There are 2 types of treatment that have been proven to be effective for OCD: medication and talking therapy. I will start by explaining a little about each of these and then go through what type of treatment you can expect to be offered depending on the severity of your symptoms.

Effective treatments

1. Medication

The biological origins of OCD remain unclear, this makes it difficult to develop a medication that works for everyone. So if you are offered medication, prescribing will involve a bit of trial and error to get the type and dose of the medication right. Medication usually takes between 4-6 weeks to have its full effect so you will be reviewed after this period to assess how your symptoms are responding.

The first type of medication that you are likely to be offered is an antidepressant called a Selective Serotonin Reuptake Inhibitor (SSRIs) e.g. Fluoxetine, Fluvoxamine, Paroxetine, Sertraline or Citalopram. If your symptoms are severe and do not respond to a full course of one of these medications, you may be prescribed a different type of anti-depressant called a tricyclic e.g. Clomipramine. If your symptoms still do not improve this may be combined with Citalopram and then with an antipsychotic if necessary.

SSRIs can lead to an increase risk of self-harm and suicide, particularly in adults under 30, so you should be monitored closely, especially in the first few months of treatment.

2. Talking Therapy

The psychological origins of OCD are better understood so developing an effective therapy has been easier. Currently the most effective talking therapy for OCD is Cognitive Behavioural Therapy (CBT). This involves a combination of learning and practicing:

(a) Strategies to evaluate the accuracy and helpfulness of thoughts underlying and maintaining OCD symptoms and exchanging them for more accurate, helpful alternatives that support a calmer, more confidence and productive life.

(b) Strategies to help you to resist engaging in compulsive behaviours and rituals and to build your confidence in tolerating anxiety.

What you will be offered

If your symptoms are mild your will be offered a course of CBT either 1-1 with a therapist or in a group. You should also be provided with some self-help material to help you to learn and practice techniques effectively.

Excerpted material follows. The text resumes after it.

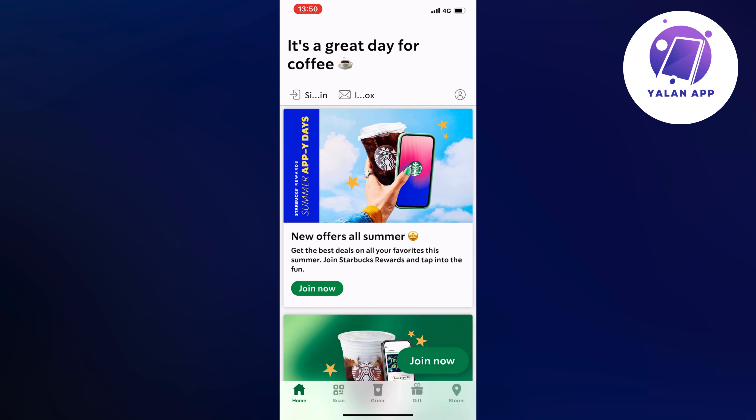What you're going to do firstly is to open up your Starbucks app and then you should be taken to this page right here. Make sure that you are on the home page. Go into your home page — it should be in the bottom left corner where it says home, and then you should be taken here.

If your symptoms do not improve or if your symptoms were assessed as moderate at the outset you will be offered an SSRI or a more intensive course of CBT (usually more than 10 hours of 1-1 time with a therapist).

If after 12 weeks your symptoms are not responding you may be offered a combined course of an SSRI and intensive 1-1 CBT. Additional medication (as mentioned above) may be added into your treatment if improvement is still not seen. For sufferers who are housebound, treatments are sometimes offered by phone or in the home.

Relevant family members should be involved in treatment in order to ensure that they are able to provide appropriate support for the sufferer and to help them to not become involved in OCD rituals and routines, which will, over the longer term, prevent recovery.